Arbitrage is the most conceptually simplistic and popular use case of flash loans. Arbitrage allows people to make profit out of the discrepancy of prices of assets across different trading protocols. If asset A costs $1 on Exchange 1 and $1.1 on Exchange 2, the price discrepancy is $0.1. Therefore, a trader can buy the asset at a cheaper price on Exchange 1 and sell it at a higher price on Exchange 2. The gas fees and exchange commissions should be factored in when doing arbitrage trading, but this is the general idea.

Flash loans thus allow the borrowers to maximize this profit-making mechanism by an instant issuance of funds to the borrower who can instantly use them to implement the operation described above. The quickness of this operation allows arbitrage traders to make the most of their trading strategy.

Collateral Swap

A collateral swap is a way of exchanging different digital tokens by using decentralized lending services. A collateral swap allows DeFi users to swap the crypto asset used as collateral to take out a long-term loan in another crypto asset, without the need to change anything else in respect to the loan. For doing this, you need to have additional capital and use it a buffer, but using a flash loan service this becomes more efficient as the flash loan becomes the temporary buffer. 

Liquidations and Self-liquidation

Long-term DeFi lending services require overcollaterization due to the high volatility of the loanable assets. And in case the borrower cannot repay the debt and his collateral devalues, his collateral will be liquidated and he might have to pay a fee of 3% – 15% on top of that while a liquidator repays the borrower’s debt and gets a bonus for doing that. However, that forces the liquidator to lock a lot of liquidity in highly volatile digital assets, which puts his capital at serious risk.

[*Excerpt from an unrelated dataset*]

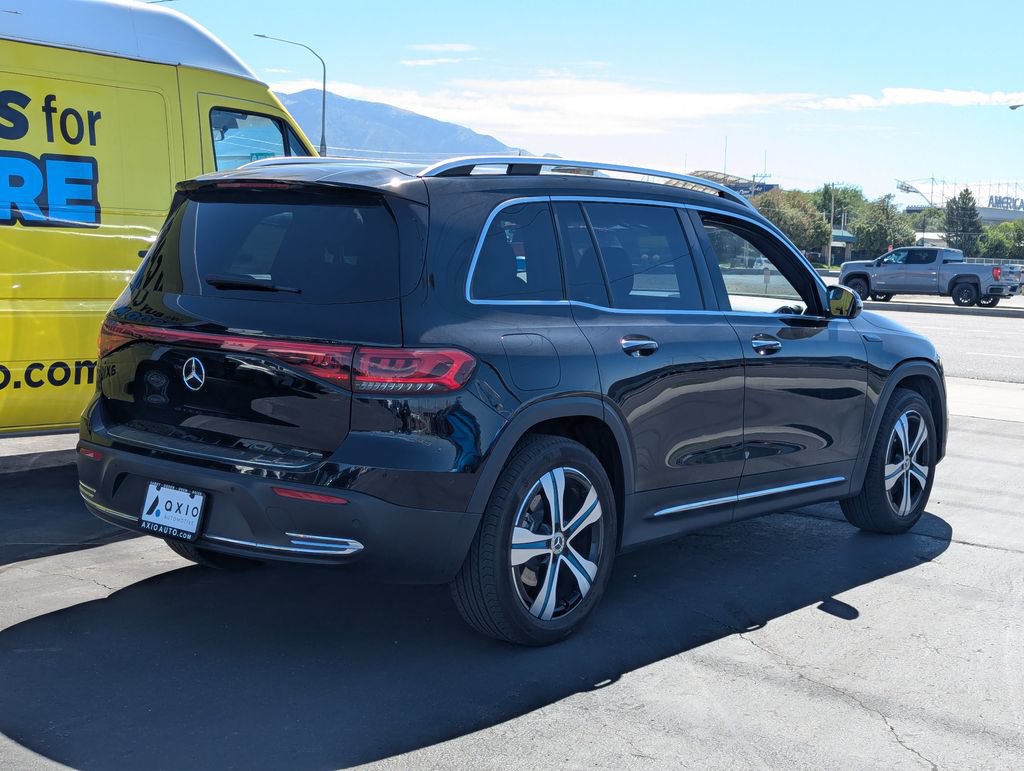Used 2022 Mercedes-Benz EQB 350 4MATIC image 4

Using flash loans, liquidations and self-liquidations becomes possible without putting anymore the capital at risk. 

Given that all of this is done automatically, it becomes a user-friendly way of maximizing passive income with decentralized liquidity pools that does not require constant user involvement in the process.

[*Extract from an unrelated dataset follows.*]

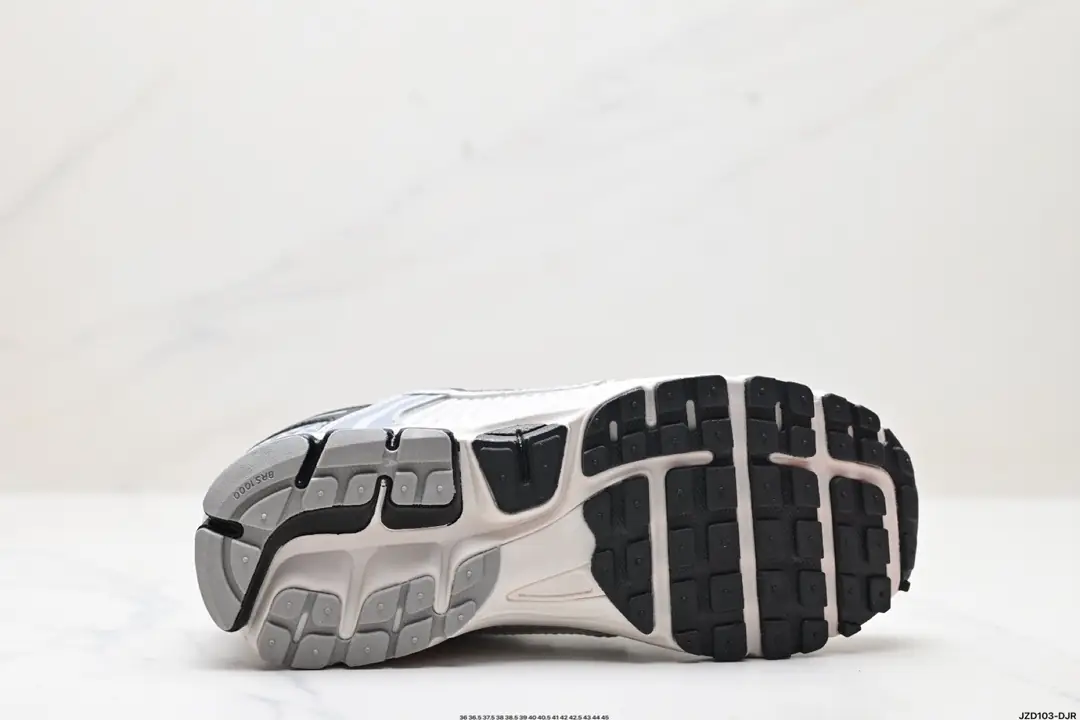 4104-55-396-nike gallery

What is Equalizer.Finance and how does it fit in the DeFi Flash Loans Market

Equalizer.Finance is the first flash loans marketplace, a dedicated platform that brings together liquidity providers and borrowers. On one side the platform incentivizes LPs for staking their funds in secure vaults, by receiving more tokens coming from the fees of the flash loans provided. Additionally, the LPs are automatically part of the Yield farming program, designed to stimulate long-term liquidity providers. On the other side, borrowers are provided with a plethora of liquid pools (vaults) that will bring more advantages than any other competitor in the market: lower fees, a wider range of tokens, a minimum level of available liquidity and reliability in any market condition.

The multi-chain efficiently scalable infrastructure of Equalizer gives access to an unprecedented variety of liquidity pools. This gives borrowers and lenders a much higher exposure to borrowing and lending in the DeFi space and allows them to maximize liquidity opportunities by enabling profitable transactions and boosting the trading volume. .

The dynamic fees allow Equalizer’s users to balance the fees so both liquidity providers and borrowers get their incentive and profit-making opportunities. On top of that, the next-generation infrastructure of Equalizer designed with a proactive vision for future flash loan market expansion is able to scale efficiently due to parallel transaction processing on different chains, which puts Equalizer ahead of many rivals in the flash loan market.